Many individuals with MECP2 Duplication syndrome have gastric reflux. As a result, many are receiving GERD (Gastroesophageal Reflux Disease) medications such as antacids, for example, Mylanta or Tums; H2 blockers, for example, ranitidine (Zantac), cimetidine (Tagamet) or famotidine (Pepcid); or proton-pump inhibitors, for example, lansoprazole (Prevacid), omeprazole (Prilosec), or esomeprazole (Nexium). It is important to consider what these drugs actually do. There primary purpose is not to actually reduce reflux, but they do reduce the the acidity of the stomach.

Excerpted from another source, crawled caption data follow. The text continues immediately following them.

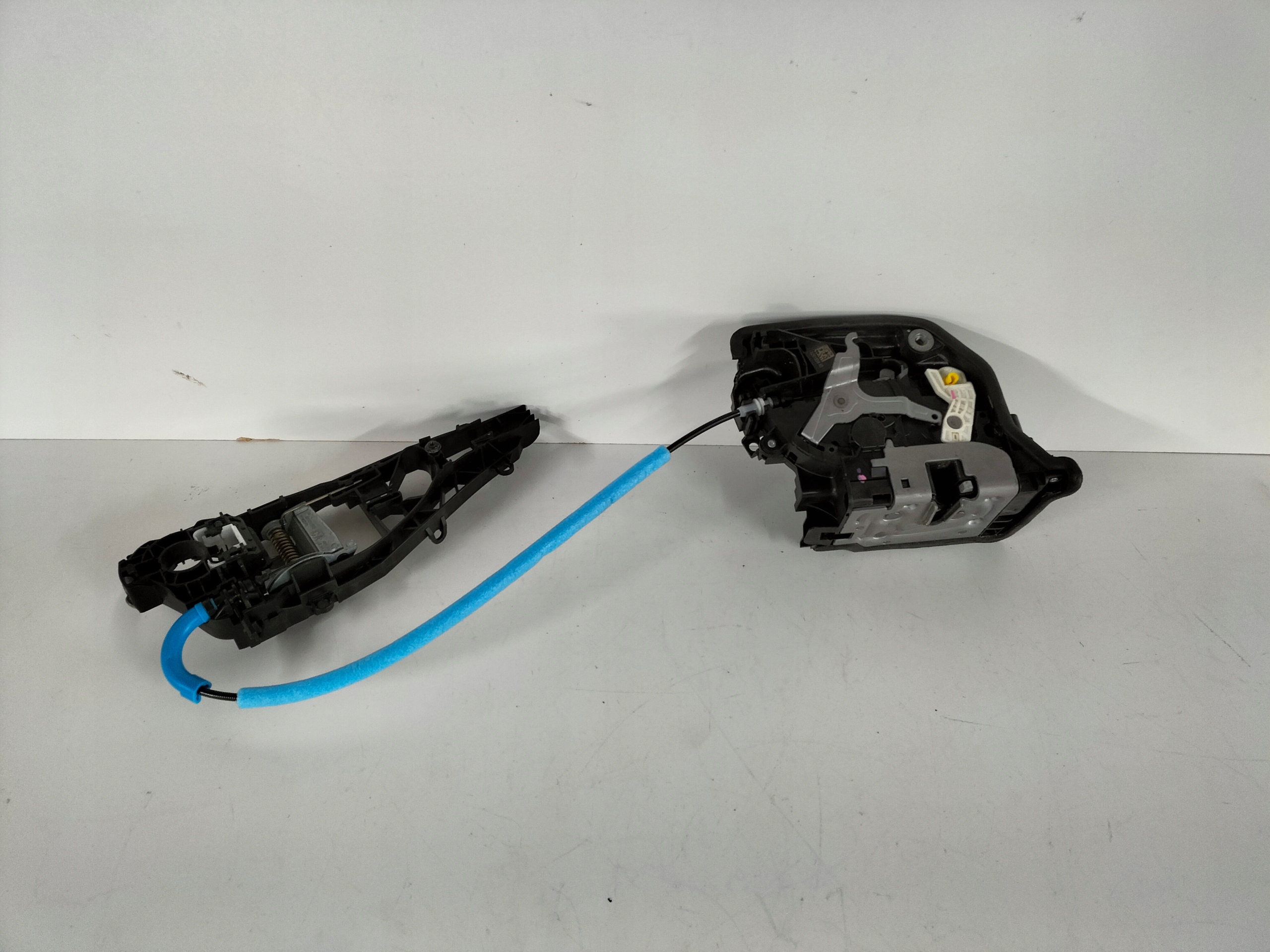 ZAMOK PRAVYCH PREDNYCH DVERI BMW 2 F45 F46 14- BMW X2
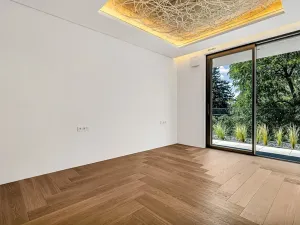 Prodej bytu 4+kk, Praha - Holešovice, Komunardů, 181 m2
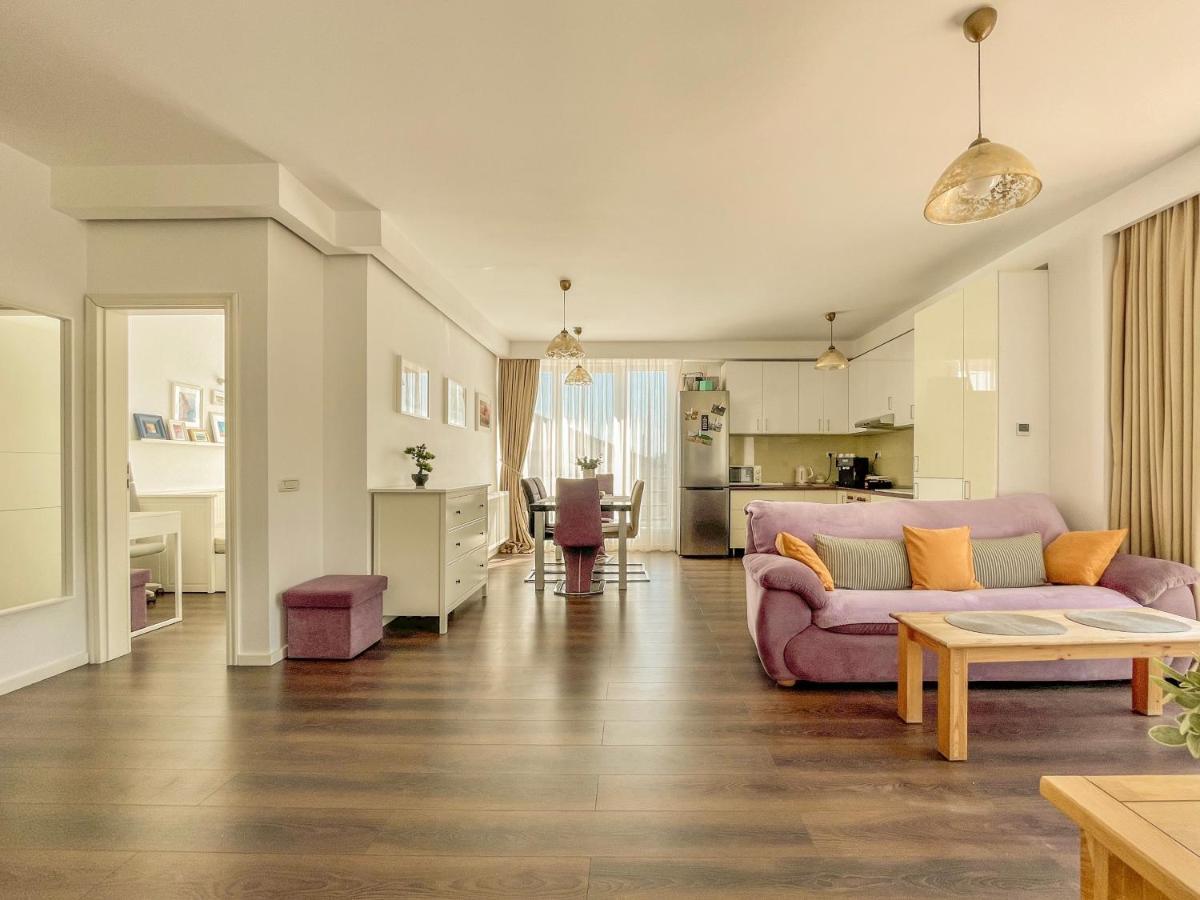 Central Premium Apartment Brasov Ngoại thất bức ảnh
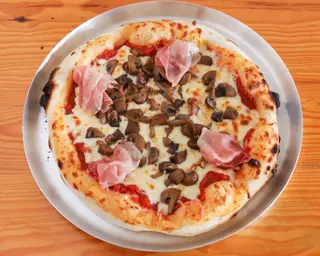 Prosciutto e Funghi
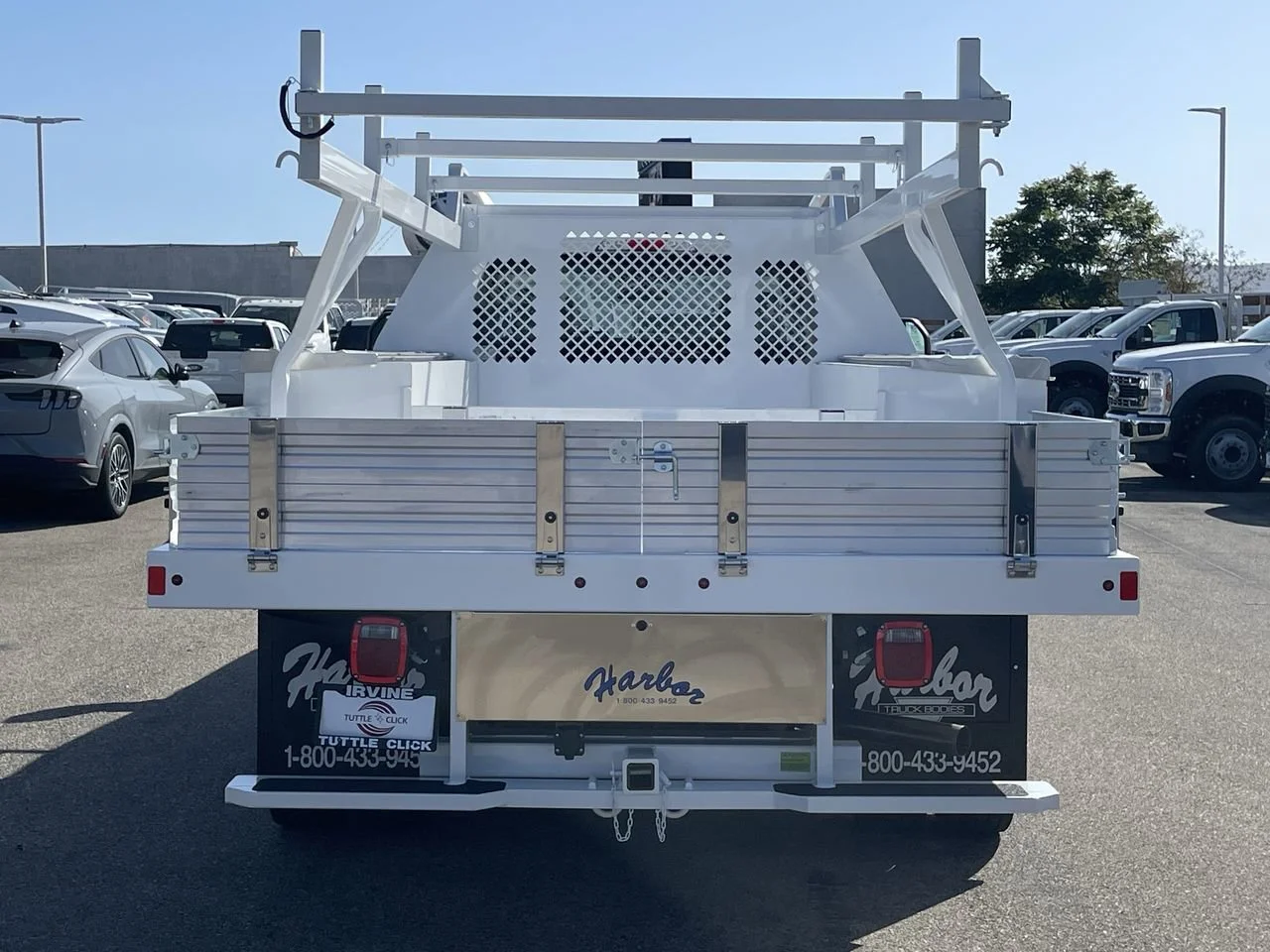 New 2025 Oxford White Ford XL image 5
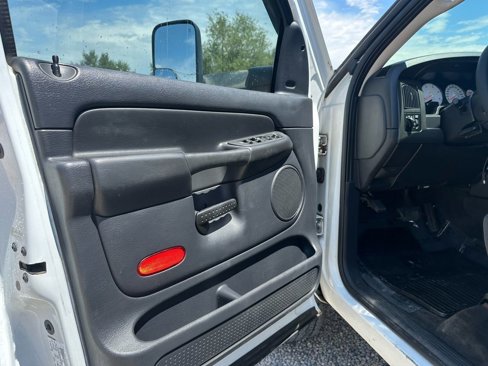 Used 2003 Dodge Ram 2500 Truck SLT image 34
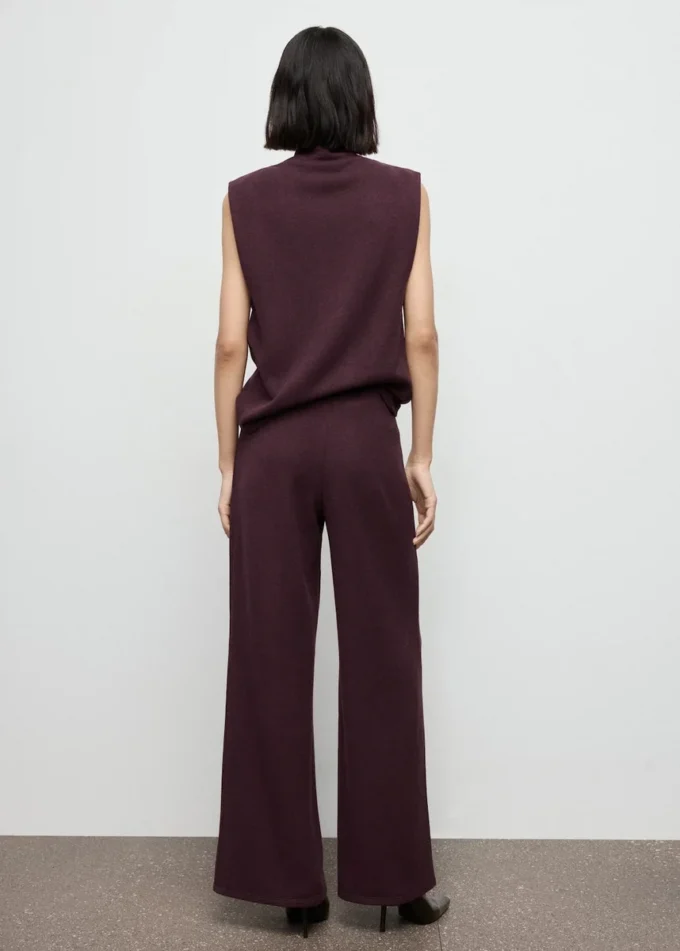 Pantalon droit avec détails sur les coutures Pantalon droit avec détails sur les coutures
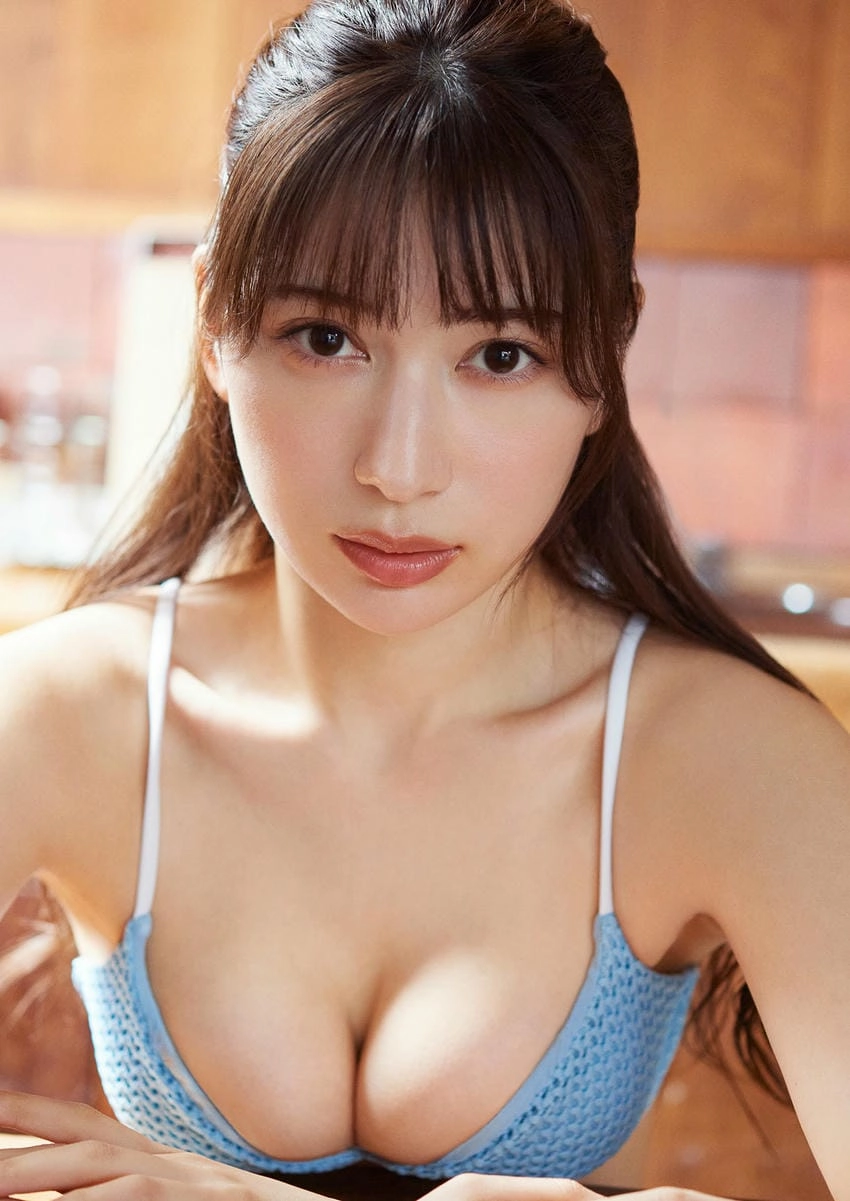 The captivating presence of Risa Yukihira is absolute 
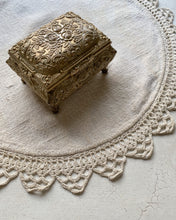 Load image into Gallery viewer, Velvet Jewelry Box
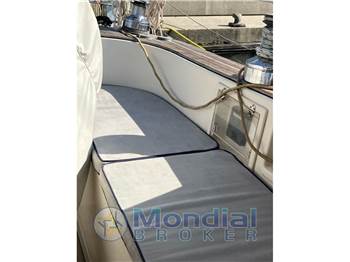 Hallberg Rassy 42 F MK2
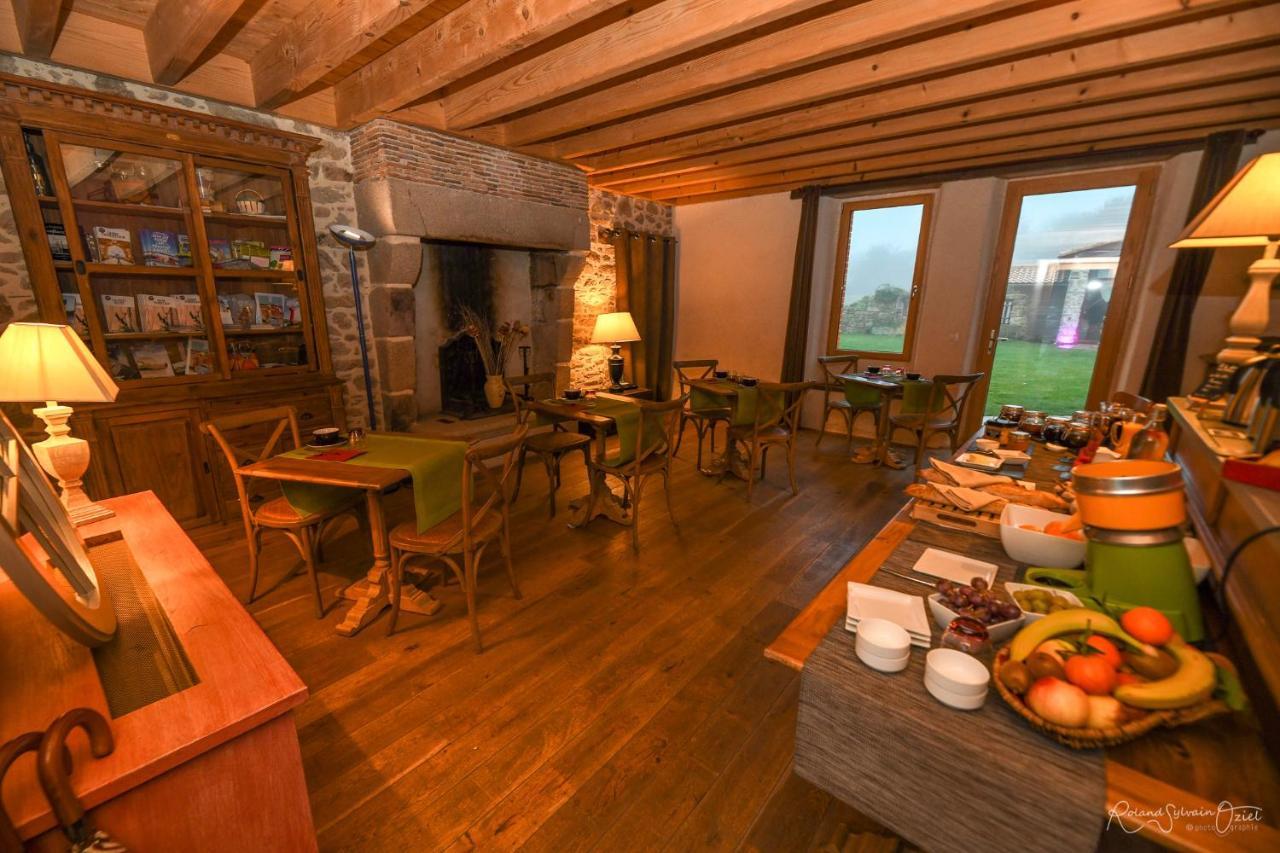 Le Manoir Du Pas Jahan Coueron Екстер'єр фото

Since these medications make the stomach contents are less acid, reflux causes less burning and therefore less pain and damage. Those things are important. However, reducing acidity in the stomach also can have a downside because stomach acid plays an important role in absorption of certain nutrients, such as Vitamin B12 and Calcium. In addition, stomach acid helps to keep some bacteria in check, so the use of these medications can slightly increase the risk of certain kinds of infection.
The effect of these drugs on calcium absorption is a particular concern for individuals with MECP2 Duplication Syndrome because many have been shown to have poor bone density and this may result in susceptibility to fractures. There are probably a number of contributing factors to this susceptibility, but these medications can contribute to the problem. Genetic factors, a lack of exercise and weight bearing, other medications, and reduced sun exposure may be some of the other contributing factors. Calcium and vitamin D supplementation may be useful to reduce this problem. Whether supplementation is advisable and how much should be used should be discussed with the individual’s physician or nutritionist. If supplementation is used, calcium citrate supplements are typically recommended over calcium carbonate supplements because these drugs have been shown to reduce absorption of calcium from calcium carbonate to a greater extent than they affect calcium citrate.